Esmont Elementary School had four rooms and seven grades. The kids walked to school where each morning we gathered outside to say the Pledge of Allegiance to the Flag. Mr. Boggs was the Principal and Mrs. Boggs, along with several others, were the teachers. They taught us so much. Having two grades in the same room seemed to work well, we all seemed to learn more, the small grade sizes helped. Kind of like home schooling. Even when the Alberene School closed and those children were bussed in, the quality remained the same; we just had more kids to play with at recess.
Recess was fun even though we only had one each – softball, dodge ball, bat. But we had those huge boulders to run and play on that was so much fun. We played “store” using rocks, nuts, leaves, etc., as items to sell.
Each room had a very tall (maybe because I was so short) coal stove to provide heat in the winter. The coal bin, a dark scary place, was in the basement where the bathrooms were, and the boys were charged with bringing up the coal for the stoves. The bathrooms had toilets with spring up seats so to use them, you had to pull down the seat and sit on it at the same time which was hard for us little folk. Because it sprang up when you got off, I had to leap off because my feet did not reach the floor!
The school was the venue for parties, bingo nights and had a closet that housed refrigerated soft drinks for sale. Mr. Boggs would ring the school bell loudly to call us together for the pledge and after each recess. He also pulled all my baby teeth by carefully tying a string around them and yanking them out. He was so handsome and gentle, but was a strict disciplinarian and swung a mean paddle when the boys got out of line. When teaching us how to multiply fractions, he asked if anyone knew the meaning of “invert.” No one knew. He called me to the front of the class, held on to my arm and ankle and turned me upside down! Everyone got it.
On many occasions, R.A. Pace’s cow would get out and come to school looking for R.A. He would leave class and take the cow back home, just down the road.
After school we would line up on the side of the road and Mr. Boggs would appoint one of us as leader. We walked in that line past everyone’s house till we were all home. We would make one stop at the Post Office, so we could buy War Bond Stamps if we wanted and get the mail to take home. When I was in the first grade,my brother, Pete was in the seventh so I would ride on the crossbar or back fender of his bike to school. The day our brother David was born, a messenger was sent to the school telling us we needed to come home so we got on Pete's bike. When we arrived, we were not allowed in because our aunts were busy with our mother. We went around to the back of the house and looked into the kitchen window and watched Mrs. Beasley, the village Midwife, give David his first bath.

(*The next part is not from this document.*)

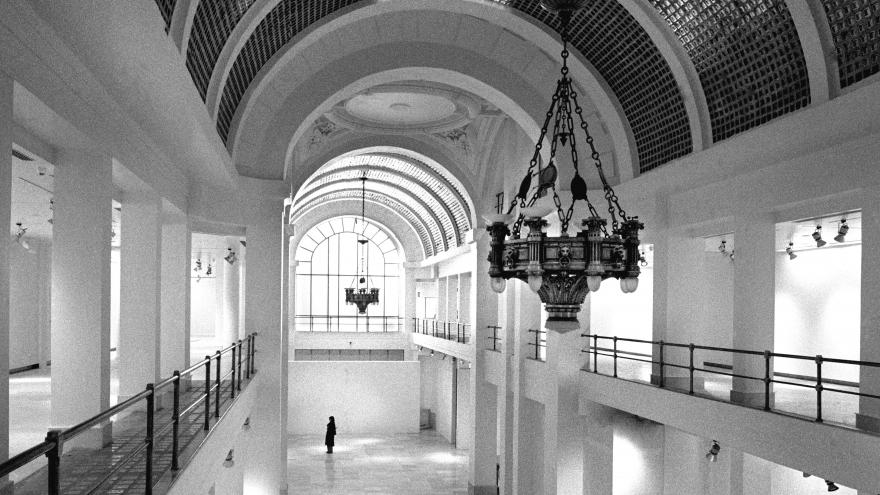 Vista en blanco y negro de la bóveda de cristal, lámpara y sala de exposiciones de la Consejería de Cultura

Later when I had my own bike, my friend Shirley Hall was riding on the back fender. I told her to watch as I guided the bike with my eyes closed. We went off the road into a ditch very close to the store. Someone heard us crying and came to our rescue.
In 1954 when Albemarle County opened the big consolidated high school in Charlottesville, (my now sister-in-law Melva Adcock was the first graduate) Scottsville High School was still functioning. My older brother, Pete, and younger brother, David, graduated from Scottsville. However, my mother wanted us to have the option of going to Albemarle High School, which was not available to us, so she and others bought an old school bus and Mrs. Cromer, who lived on Red Row Hill, drove it to Albemarle High School. The bus broke down often, so the county relented and provided a new bus for kids from Esmont and all along Route 20 to ride to school.